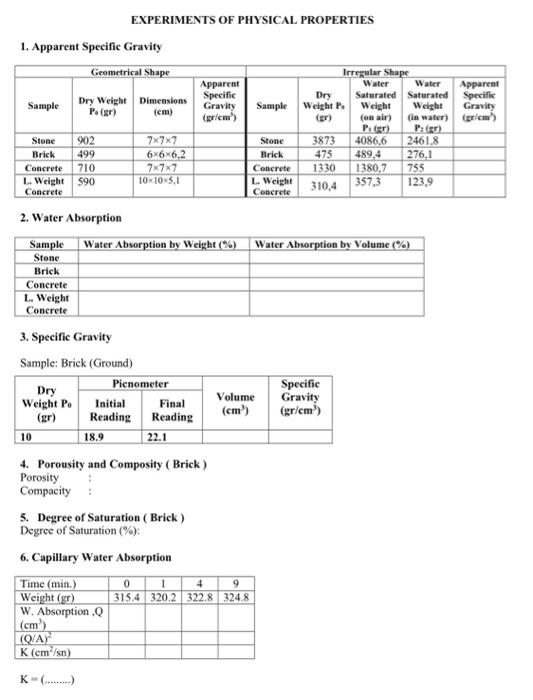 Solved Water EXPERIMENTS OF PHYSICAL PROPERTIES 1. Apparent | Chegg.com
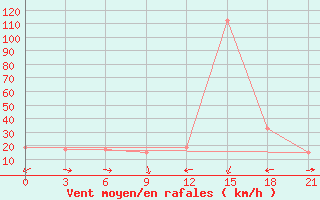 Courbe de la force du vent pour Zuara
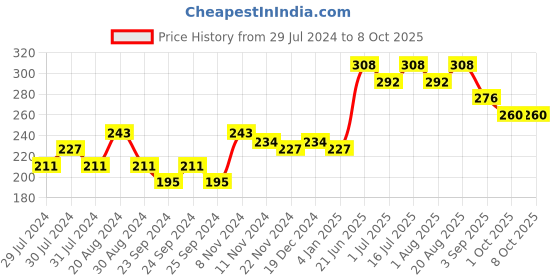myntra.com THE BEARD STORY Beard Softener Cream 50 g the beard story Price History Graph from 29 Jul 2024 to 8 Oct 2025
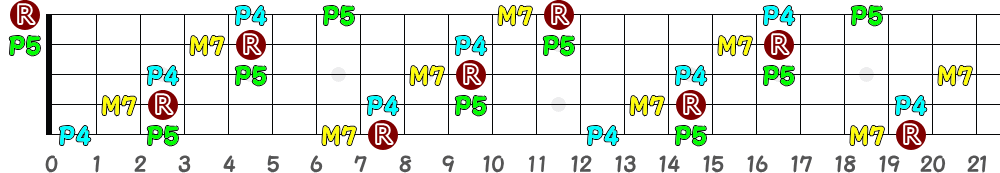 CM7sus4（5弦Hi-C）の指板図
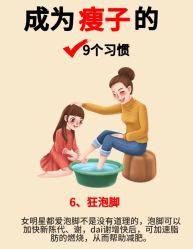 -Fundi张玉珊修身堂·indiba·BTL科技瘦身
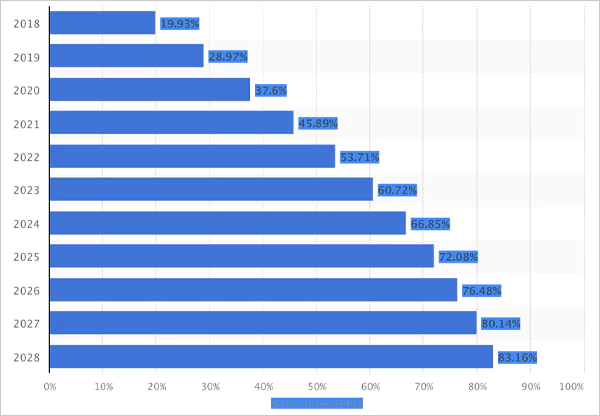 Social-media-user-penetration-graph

• • • • •

Give the entries again without a single change, but with no pictures.

Response area:
 Solved Water EXPERIMENTS OF PHYSICAL PROPERTIES 1. Apparent | Chegg.com
 Courbe de la force du vent pour Zuara
myntra.com THE BEARD STORY Beard Softener Cream 50 g the beard story Price History Graph from 29 Jul 2024 to 8 Oct 2025
 CM7sus4（5弦Hi-C）の指板図
 -Fundi张玉珊修身堂·indiba·BTL科技瘦身
 Social-media-user-penetration-graph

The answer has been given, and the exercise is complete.